CLOSURE Medical Corporation, Raleigh, NC, has received FDA clearance to market LIQUIDERM liquid adhesive bandage as an over-the-counter (OTC) product. This is the first cyanoacrylate medical device approved by the FDA for the OTC market.

LIQUIDERM uses the same proprietary technology as CLOSURE Medical's DERMABOND Topical Skin Adhesive. LIQUIDERM is painted on a wound, sealing it from dirt and germs and creating a moist healing environment. As the wound heals, the adhesive sloughs off naturally.

CLOSURE Medical is currently negotiating with a marketing partner for rights to its OTC wound care platform.

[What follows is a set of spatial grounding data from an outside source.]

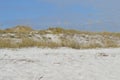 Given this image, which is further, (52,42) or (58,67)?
(52,42)

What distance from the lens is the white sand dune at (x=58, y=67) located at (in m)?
10.1

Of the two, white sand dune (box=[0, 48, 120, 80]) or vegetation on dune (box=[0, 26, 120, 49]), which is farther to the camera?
vegetation on dune (box=[0, 26, 120, 49])

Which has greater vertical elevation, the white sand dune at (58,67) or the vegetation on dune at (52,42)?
the vegetation on dune at (52,42)

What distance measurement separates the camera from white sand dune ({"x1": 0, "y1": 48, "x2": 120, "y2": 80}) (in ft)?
33.3

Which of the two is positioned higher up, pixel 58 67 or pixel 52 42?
pixel 52 42

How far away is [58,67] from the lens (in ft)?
37.1

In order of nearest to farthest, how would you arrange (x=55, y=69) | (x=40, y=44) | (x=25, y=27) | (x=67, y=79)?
(x=67, y=79) → (x=55, y=69) → (x=40, y=44) → (x=25, y=27)

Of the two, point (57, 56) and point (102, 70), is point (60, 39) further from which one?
point (102, 70)

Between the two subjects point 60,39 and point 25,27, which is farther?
point 25,27

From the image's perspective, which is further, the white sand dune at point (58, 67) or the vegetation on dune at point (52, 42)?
the vegetation on dune at point (52, 42)

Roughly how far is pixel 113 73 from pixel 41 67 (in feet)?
7.44

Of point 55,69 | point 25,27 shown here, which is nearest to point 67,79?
point 55,69

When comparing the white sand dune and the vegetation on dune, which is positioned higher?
the vegetation on dune

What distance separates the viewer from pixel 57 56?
13648 mm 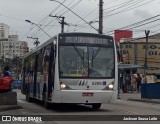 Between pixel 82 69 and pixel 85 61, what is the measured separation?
37cm

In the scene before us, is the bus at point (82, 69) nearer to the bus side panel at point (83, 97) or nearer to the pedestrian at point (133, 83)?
the bus side panel at point (83, 97)

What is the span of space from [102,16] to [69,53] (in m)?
21.5

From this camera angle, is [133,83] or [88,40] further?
[133,83]

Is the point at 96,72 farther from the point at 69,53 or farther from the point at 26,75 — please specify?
the point at 26,75

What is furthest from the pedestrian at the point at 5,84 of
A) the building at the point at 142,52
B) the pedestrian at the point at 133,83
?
the building at the point at 142,52

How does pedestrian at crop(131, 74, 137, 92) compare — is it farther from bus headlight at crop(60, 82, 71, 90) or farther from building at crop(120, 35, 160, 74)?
building at crop(120, 35, 160, 74)

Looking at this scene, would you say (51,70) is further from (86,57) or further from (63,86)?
(86,57)

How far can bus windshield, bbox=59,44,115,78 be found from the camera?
1969cm

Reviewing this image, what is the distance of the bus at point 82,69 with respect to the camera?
1952 centimetres

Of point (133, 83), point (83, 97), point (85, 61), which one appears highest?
point (85, 61)

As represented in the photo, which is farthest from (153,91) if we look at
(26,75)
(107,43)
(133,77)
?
(133,77)

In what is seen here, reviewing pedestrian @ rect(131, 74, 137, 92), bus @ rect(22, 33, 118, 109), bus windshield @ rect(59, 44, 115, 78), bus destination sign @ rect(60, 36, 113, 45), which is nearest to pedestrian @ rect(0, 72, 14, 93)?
bus @ rect(22, 33, 118, 109)

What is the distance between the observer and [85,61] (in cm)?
1989

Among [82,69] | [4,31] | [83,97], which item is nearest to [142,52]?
[4,31] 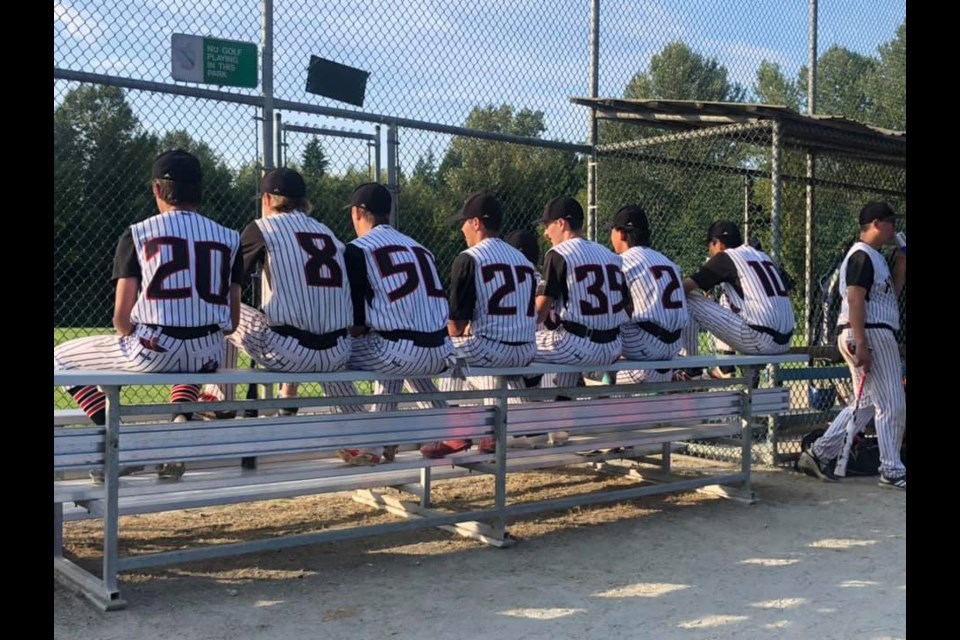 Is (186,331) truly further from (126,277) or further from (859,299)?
(859,299)

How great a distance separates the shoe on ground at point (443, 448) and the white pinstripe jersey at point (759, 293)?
2492 millimetres

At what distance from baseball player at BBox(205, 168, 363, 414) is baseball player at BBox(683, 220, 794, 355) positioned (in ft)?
9.96

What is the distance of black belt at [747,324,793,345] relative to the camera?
6.75 meters

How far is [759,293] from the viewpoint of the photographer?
6.74m

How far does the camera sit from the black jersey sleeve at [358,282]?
16.5ft

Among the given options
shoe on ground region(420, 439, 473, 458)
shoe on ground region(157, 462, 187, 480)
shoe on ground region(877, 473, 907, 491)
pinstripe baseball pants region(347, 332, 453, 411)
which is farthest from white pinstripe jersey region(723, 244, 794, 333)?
shoe on ground region(157, 462, 187, 480)

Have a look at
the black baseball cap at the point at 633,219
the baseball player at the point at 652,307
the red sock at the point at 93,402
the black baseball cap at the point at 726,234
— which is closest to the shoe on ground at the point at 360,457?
the red sock at the point at 93,402

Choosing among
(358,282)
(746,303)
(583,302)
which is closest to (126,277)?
(358,282)

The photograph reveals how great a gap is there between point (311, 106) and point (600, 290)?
2.26m

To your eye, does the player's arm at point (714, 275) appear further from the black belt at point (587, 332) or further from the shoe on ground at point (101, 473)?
the shoe on ground at point (101, 473)

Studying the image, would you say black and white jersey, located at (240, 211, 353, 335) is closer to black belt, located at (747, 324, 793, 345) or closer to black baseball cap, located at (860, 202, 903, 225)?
black belt, located at (747, 324, 793, 345)

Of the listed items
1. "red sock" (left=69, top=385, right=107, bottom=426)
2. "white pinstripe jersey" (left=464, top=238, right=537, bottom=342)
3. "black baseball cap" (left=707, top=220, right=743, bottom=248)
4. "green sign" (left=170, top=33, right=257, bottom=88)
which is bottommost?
"red sock" (left=69, top=385, right=107, bottom=426)

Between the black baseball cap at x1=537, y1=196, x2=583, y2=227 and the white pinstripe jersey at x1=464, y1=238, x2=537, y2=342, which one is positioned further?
the black baseball cap at x1=537, y1=196, x2=583, y2=227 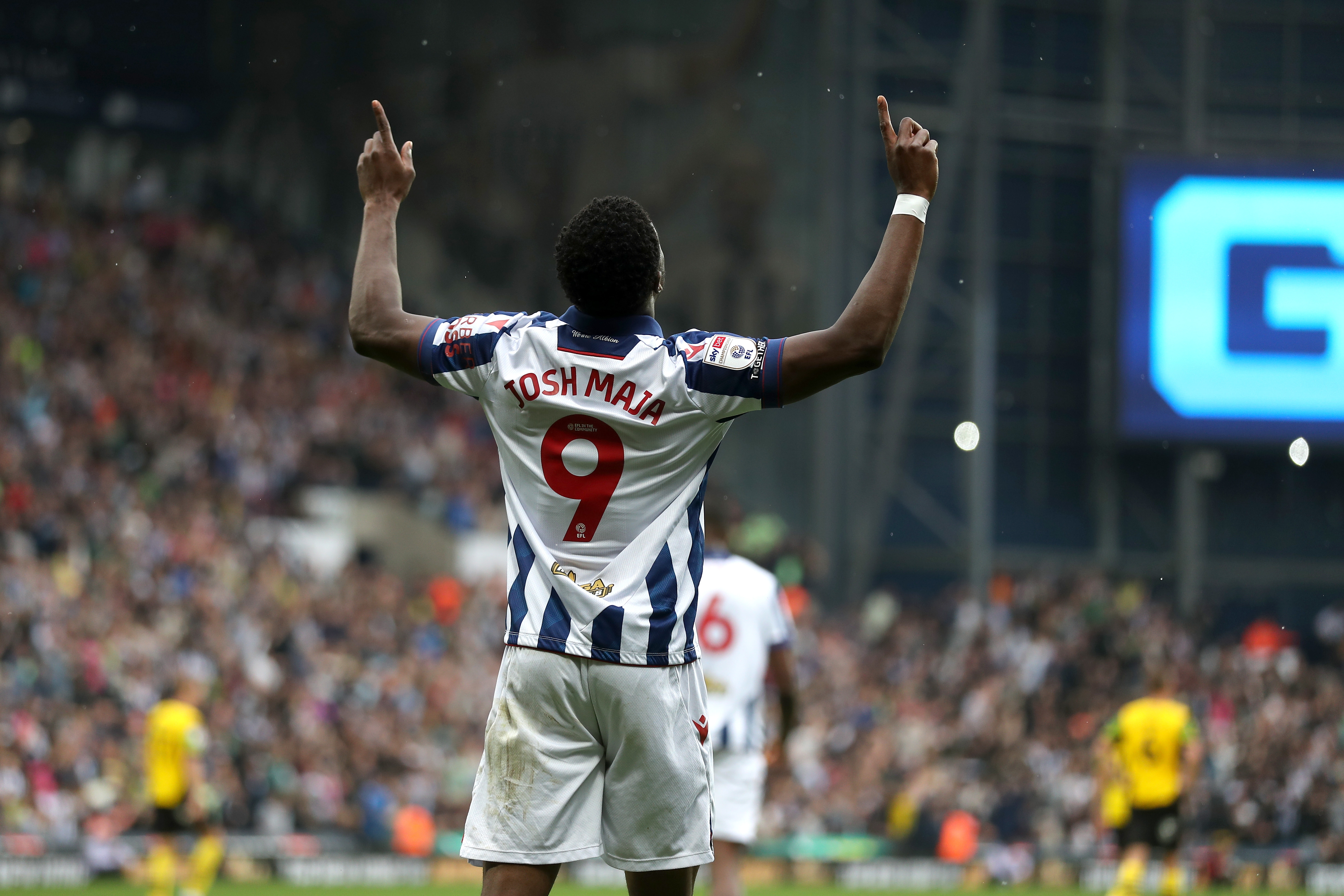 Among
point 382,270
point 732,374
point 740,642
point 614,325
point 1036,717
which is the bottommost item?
point 1036,717

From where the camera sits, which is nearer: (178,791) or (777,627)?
(777,627)

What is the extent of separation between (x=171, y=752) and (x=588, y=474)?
1004cm

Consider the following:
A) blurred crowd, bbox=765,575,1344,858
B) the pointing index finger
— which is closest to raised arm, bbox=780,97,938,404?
the pointing index finger

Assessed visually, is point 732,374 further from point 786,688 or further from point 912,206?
point 786,688

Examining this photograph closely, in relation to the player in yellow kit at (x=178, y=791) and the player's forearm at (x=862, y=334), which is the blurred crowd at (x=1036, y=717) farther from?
the player's forearm at (x=862, y=334)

Ortec International, Inc, New York, NY, has received FDA approval to market its Composite Cultured Skin (CCS) for use in patients with recessive dystrophic epidermolysis bullosa (RDEB) undergoing hand reconstruction and to cover donor sites created during the surgery. RDEB is the most severe form of epidermolysis bullosa, a congenital skin disorder characterized by painful ulcerations and widespread, permanent scarring, resulting in deformity of the hands and feet.

The approval was granted under the Humanitarian Device Exemption provision, which allows medical devices that provide safe treatment to be available for patients with rare medical conditions that affect fewer than 4000 individuals in the United States per year.

Organogenesis Inc, Canton, MA, and Novartis Pharma AG, Basel, Switzerland, a subsidiary of Novartis AG, have signed an amendment to their 1996 agreement granting Novartis the right to purchase an exclusive option to license the Organogenesis product VITRIX, which is scheduled to begin pivotal trials soon. VITRIX is a living dermal replacement product that contains only 1 layer-a fibroblast-populated dermal layer-enabling it to be folded and inserted into deep wounds.